Wieso gibts du die Karte nicht einfach in RMA sondern erstellst einen Mecker Thread? 
Dadurch ändert sich nichts! Für mich ist das ein klarer RMA Fall, ich würde weder Kühler noch sonst was wechseln, sondern das ganze schön dem Support machen lassen. 
Vielleicht ist die WLP nicht richtig angebracht, der KÜhler liegt nicht 100% auf Plan oder sonstiges. 
Das Produkt hast du mit Garantie erworben, bzw. zumindest Gewährleistung (wenn du in Deutschland lebst festgeschrieben).
Dass das Produkt nicht funktioniert ist nicht schön, aber ebenfalls finde ich es nicht toll, wenn du quasi nur einen Mecker Thread aufmachst, und über eine Firma so herziehst?
Frag doch höflich an, dass du die Grafikkarte in RMA geben willst, und (auch gegen Zahlung eines Aufpreises) beispielsweise dieses Modell (https://geizhals.de/sapphire-radeon-r9-290-tri-x-oc-11227-00-40g-a1048411.html ) geben lässt.
Man kann doch reden, aber nur meckern hilft gar nichts


----------



## Gummert (13. April 2014)

*AW: R9 290X wird zu heiß, Absturz bzw. low fps*

Ja... statt zu meckern, würde ich mich freundlich  bei Sapphire Melden zwecks RMA und vielleicht mit Aufpreis zu einem anderem Sapphire Modell greifen zu können. 
Ich mein, was nutzt dir das Gemecker jetzt? Nix!


----------



## suddali (13. April 2014)

*AW: R9 290X wird zu heiß, Absturz bzw. low fps*



Alex555 schrieb:


> Wieso gibts du die Karte nicht einfach in RMA sondern erstellst einen Mecker Thread?
> Dadurch ändert sich nichts! Für mich ist das ein klarer RMA Fall, ich würde weder Kühler noch sonst was wechseln, sondern das ganze schön dem Support machen lassen.
> Vielleicht ist die WLP nicht richtig angebracht, der KÜhler liegt nicht 100% auf Plan oder sonstiges.
> Das Produkt hast du mit Garantie erworben, bzw. zumindest Gewährleistung (wenn du in Deutschland lebst festgeschrieben).
> ...


 
Danke für den Tip, RMA müsste ich dann also ggü. Alterate stellen...

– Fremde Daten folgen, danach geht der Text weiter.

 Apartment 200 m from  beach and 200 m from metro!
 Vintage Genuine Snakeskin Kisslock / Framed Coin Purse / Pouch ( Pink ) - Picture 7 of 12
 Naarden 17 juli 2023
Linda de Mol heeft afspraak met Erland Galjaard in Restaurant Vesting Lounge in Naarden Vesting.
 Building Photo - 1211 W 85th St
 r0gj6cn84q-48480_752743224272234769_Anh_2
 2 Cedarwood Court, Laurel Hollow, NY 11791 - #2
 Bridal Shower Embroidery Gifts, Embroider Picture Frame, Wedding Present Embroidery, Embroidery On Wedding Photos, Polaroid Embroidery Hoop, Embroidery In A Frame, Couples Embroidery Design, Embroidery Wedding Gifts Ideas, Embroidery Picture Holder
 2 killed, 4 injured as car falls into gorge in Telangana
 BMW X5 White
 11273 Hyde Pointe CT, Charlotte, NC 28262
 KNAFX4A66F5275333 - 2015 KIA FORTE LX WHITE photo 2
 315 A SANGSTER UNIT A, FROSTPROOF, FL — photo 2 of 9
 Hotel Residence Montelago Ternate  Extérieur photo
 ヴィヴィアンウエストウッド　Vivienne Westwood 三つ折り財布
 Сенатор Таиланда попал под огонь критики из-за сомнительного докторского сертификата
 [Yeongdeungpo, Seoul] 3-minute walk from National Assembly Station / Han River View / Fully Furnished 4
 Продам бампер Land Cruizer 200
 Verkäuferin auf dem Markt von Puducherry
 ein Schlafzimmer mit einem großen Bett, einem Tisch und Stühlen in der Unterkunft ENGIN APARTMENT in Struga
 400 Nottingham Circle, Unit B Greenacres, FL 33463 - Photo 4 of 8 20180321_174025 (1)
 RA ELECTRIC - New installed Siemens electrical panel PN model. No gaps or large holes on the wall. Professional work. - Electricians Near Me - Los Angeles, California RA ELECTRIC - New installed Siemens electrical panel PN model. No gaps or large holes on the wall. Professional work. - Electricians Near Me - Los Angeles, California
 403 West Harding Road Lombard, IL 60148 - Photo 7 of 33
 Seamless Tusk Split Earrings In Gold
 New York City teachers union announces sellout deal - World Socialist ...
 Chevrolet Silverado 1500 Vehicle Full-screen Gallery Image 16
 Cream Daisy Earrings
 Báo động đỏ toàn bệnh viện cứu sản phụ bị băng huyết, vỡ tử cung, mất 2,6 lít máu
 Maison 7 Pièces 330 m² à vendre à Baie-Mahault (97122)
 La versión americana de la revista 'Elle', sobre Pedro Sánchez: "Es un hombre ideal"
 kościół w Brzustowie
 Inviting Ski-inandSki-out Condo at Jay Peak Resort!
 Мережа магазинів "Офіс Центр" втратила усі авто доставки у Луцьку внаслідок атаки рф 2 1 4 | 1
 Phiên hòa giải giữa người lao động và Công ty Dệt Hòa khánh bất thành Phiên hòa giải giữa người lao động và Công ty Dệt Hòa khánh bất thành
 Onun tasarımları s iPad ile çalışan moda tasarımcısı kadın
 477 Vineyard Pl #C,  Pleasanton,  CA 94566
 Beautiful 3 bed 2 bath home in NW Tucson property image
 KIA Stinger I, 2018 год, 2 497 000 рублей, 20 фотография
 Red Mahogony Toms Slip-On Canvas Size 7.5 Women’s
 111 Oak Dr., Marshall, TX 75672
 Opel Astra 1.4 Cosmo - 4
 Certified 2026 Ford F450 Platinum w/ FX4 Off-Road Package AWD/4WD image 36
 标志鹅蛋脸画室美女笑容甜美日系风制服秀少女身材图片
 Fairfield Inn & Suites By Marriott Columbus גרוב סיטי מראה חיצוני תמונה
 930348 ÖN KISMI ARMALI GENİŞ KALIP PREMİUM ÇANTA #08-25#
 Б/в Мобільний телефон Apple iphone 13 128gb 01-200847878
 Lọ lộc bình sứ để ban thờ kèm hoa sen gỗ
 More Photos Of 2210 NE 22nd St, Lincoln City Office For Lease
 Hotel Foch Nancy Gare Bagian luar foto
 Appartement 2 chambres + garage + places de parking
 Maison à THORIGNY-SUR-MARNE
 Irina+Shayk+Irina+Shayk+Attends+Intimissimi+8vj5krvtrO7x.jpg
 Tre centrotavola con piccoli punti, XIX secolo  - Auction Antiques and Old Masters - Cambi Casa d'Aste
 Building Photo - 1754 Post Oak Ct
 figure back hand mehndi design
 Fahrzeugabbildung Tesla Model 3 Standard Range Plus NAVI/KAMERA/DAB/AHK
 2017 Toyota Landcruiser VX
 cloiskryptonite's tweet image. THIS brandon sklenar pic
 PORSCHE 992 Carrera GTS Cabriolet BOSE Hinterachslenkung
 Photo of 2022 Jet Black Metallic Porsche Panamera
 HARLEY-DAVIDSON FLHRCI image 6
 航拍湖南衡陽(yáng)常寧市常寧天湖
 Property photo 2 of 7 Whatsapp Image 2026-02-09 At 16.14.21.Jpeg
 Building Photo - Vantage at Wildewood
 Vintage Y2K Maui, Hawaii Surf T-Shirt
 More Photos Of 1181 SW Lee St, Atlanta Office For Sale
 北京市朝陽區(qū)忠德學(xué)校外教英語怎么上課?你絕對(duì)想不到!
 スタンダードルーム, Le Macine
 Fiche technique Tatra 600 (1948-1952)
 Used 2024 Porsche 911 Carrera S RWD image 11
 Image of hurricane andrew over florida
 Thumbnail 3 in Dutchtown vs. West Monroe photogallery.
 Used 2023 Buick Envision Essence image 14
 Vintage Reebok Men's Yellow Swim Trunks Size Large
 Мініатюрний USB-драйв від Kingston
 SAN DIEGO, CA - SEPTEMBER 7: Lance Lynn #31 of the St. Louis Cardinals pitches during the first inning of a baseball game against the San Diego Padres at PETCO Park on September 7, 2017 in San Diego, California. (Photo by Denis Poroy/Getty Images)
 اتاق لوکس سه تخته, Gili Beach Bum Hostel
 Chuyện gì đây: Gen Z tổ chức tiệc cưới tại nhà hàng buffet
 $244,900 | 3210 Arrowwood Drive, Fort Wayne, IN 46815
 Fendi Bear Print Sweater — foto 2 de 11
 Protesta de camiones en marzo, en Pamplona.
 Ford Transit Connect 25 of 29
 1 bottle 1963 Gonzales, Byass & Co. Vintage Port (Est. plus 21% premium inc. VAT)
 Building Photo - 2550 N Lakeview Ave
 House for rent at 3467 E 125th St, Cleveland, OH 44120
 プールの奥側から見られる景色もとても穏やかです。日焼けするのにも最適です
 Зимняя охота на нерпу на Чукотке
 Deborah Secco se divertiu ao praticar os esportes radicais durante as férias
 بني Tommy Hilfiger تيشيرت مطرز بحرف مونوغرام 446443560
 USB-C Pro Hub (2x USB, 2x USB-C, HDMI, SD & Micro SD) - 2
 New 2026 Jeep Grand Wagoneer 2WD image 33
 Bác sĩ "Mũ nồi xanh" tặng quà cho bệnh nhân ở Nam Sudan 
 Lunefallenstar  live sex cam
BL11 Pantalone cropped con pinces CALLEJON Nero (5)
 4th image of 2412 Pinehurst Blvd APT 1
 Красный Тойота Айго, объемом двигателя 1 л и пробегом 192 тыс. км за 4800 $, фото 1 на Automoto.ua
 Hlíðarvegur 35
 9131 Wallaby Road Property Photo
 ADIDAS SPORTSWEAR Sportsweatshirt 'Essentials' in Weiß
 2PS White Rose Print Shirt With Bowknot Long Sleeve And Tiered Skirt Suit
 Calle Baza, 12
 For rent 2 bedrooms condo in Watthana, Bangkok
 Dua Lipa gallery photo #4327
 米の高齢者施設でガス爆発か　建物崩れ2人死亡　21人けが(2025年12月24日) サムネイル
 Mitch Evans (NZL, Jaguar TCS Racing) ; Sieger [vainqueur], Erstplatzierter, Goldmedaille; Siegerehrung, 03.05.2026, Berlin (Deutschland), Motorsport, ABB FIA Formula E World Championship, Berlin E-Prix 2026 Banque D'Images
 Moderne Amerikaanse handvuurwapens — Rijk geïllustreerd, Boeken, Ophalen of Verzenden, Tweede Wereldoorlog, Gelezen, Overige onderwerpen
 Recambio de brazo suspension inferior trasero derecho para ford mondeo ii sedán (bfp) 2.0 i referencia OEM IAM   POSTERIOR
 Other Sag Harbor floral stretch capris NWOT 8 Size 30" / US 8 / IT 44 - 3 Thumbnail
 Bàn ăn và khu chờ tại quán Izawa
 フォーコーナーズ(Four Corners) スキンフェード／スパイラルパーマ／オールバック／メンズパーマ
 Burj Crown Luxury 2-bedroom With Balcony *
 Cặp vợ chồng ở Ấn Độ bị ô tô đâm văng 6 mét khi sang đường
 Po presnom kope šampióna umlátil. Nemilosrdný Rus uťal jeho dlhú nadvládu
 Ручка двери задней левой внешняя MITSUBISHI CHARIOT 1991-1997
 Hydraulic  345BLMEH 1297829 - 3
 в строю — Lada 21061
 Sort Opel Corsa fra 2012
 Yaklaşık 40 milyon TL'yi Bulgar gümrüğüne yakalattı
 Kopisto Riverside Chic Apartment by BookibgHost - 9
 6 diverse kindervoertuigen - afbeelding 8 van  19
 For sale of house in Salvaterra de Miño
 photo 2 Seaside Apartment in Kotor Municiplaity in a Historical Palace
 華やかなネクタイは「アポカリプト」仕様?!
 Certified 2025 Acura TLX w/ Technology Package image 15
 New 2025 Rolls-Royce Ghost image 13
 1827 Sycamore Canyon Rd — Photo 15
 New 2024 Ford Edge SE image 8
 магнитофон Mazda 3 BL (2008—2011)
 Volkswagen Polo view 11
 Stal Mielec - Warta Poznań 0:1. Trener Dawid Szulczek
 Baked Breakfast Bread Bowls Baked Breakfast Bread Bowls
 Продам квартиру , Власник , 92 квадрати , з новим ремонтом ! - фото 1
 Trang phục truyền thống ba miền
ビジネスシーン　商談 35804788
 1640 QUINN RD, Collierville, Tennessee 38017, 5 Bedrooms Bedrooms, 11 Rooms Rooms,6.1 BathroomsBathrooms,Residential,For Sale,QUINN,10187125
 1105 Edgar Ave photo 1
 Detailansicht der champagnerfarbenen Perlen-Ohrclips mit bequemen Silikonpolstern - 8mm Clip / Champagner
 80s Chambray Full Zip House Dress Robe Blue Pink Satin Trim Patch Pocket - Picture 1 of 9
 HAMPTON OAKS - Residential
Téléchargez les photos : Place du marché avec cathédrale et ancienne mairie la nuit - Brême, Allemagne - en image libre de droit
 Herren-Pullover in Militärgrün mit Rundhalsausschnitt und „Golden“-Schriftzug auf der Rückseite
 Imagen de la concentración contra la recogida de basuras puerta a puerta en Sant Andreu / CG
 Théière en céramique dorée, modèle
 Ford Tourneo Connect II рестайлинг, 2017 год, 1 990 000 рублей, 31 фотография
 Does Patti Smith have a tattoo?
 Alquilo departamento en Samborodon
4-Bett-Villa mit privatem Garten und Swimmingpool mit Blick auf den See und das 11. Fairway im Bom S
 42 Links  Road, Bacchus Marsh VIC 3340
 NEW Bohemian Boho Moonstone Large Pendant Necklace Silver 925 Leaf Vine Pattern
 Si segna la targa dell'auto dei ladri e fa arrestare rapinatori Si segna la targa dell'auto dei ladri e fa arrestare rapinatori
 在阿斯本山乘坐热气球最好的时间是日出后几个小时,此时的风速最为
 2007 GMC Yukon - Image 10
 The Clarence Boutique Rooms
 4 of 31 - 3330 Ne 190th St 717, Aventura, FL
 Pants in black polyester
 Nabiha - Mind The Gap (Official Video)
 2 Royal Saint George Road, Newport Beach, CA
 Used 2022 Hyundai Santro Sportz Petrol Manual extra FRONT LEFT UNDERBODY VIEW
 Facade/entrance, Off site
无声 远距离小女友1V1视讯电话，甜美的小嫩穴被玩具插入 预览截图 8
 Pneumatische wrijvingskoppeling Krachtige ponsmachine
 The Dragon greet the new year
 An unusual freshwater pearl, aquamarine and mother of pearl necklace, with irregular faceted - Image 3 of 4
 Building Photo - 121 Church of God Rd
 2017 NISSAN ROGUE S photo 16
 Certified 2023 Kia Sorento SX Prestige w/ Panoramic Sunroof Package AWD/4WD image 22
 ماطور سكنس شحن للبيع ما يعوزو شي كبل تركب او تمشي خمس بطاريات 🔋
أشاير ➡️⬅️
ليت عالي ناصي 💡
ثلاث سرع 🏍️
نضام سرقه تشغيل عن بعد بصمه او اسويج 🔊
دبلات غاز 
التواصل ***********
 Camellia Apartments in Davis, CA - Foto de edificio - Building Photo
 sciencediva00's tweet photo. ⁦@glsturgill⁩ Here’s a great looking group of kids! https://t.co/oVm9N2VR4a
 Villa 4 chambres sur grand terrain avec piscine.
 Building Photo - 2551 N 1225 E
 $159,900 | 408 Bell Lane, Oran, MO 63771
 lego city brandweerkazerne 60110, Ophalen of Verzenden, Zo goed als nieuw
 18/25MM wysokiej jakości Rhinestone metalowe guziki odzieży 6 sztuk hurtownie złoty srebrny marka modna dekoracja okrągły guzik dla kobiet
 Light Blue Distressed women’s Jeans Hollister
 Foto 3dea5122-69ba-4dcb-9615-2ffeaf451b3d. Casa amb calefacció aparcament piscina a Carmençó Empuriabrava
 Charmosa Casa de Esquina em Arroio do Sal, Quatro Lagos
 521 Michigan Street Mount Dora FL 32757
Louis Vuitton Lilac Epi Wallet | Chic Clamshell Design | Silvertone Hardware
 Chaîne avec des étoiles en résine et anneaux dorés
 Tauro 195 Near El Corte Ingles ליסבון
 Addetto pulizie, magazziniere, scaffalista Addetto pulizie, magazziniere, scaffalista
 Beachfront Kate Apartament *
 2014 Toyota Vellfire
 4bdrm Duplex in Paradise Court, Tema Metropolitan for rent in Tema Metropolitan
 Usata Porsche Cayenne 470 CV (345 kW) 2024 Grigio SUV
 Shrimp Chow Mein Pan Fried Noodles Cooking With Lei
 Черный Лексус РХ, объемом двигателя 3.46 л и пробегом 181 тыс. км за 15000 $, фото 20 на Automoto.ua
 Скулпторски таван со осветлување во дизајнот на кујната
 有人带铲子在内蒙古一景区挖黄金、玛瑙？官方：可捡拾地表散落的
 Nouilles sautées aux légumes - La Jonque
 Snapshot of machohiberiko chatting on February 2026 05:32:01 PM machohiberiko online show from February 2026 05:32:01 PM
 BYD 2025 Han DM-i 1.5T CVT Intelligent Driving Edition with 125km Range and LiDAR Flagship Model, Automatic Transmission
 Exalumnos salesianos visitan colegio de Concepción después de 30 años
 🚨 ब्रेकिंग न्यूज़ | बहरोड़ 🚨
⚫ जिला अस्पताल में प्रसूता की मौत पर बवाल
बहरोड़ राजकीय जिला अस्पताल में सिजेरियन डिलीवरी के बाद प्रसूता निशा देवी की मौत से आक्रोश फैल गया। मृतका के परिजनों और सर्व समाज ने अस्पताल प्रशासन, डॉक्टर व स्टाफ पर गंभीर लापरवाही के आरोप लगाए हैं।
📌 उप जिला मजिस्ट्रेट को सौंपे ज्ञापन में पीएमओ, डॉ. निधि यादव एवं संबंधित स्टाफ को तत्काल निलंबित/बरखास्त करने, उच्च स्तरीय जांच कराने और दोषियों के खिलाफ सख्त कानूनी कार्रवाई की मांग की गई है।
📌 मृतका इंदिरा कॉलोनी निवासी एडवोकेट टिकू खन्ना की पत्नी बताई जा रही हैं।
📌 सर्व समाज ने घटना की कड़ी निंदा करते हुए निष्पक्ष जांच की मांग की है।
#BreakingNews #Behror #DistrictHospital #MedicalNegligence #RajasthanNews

Ich würde eher sagen es ist eine Beschwerde gegen den Hersteller, welcher diesen Elektrónikbaustein hergestellt hat...

meckern... wie gesagt ich BESCHWERE mich über die Frechhet, dass so ein Unternehmen Waren vertreibt die absolut nicht genutzt werden können... 

.. rma mit Sapphire könnte klappen, dafür habe ich ja auch in das Sapphire Unterforum hier gepostet...


----------



## suddali (13. April 2014)

*AW: R9 290X wird zu heiß, Absturz bzw. low fps*



Cuddleman schrieb:


> ...............................................................................!


 
Ich verstehe im allgemeinen immernoch nicht was du mir mit der Verlinkung überhaupt mitteilen willst.. erkläre es mir doch bitte...


----------



## suddali (13. April 2014)

*AW: R9 290X wird zu heiß, Absturz bzw. low fps*



Gummert schrieb:


> Ja... statt zu meckern, würde ich mich freundlich  bei Sapphire Melden zwecks RMA und vielleicht mit Aufpreis zu einem anderem Sapphire Modell greifen zu können.
> Ich mein, was nutzt dir das Gemecker jetzt? Nix!


 
Guter Tip, Danke aber einen Aufpreis sehe ich nicht ein, da die Karte ja die selbe ist, nur mit einem bessere Kühler, der von Anfang an hätte drauf sein MÜSSEN..


----------



## Alex555 (13. April 2014)

*AW: R9 290X wird zu heiß, Absturz bzw. low fps*



suddali schrieb:


> Guter Tip, Danke aber einen Aufpreis sehe ich nicht ein, da die Karte ja die selbe ist, nur mit einem bessere Kühler, der von Anfang an hätte drauf sein MÜSSEN..


 
Nein, du verstehst das nicht. Das ist das Referenz design das du erworben hast, das nunmal sehr heiß läuft. 
Das bessere Modell mit dem besseren Lüfter ist custom, von Sapphire selbst. Wieso sollte von vornherein ein anderer Lüfter verbaut sein, der zwar heiß läuft, aber bei vielen anderen Leuten funktioniert? 
Der bessere Kühler ist auf jeden fall sein geld wert, und ich würde auf jeden fall das modell nehmen. 
Kontaktiere doch alternate, sende die Grafikkarte ein, vielleicht bekommst du ja gleich ein neues Modell


----------



## facehugger (13. April 2014)

*AW: R9 290X wird zu heiß, Absturz bzw. low fps*

Das beste wäre es eh gewesen hier *vor* dem Kauf nachzufragen Ich bin mir ziemlich sicher, das dir keiner zu dem heißen und vor allem lauten Referenzdesign der AMD-Karte geraten hätte... Ab mit der Schleuder in die RMA!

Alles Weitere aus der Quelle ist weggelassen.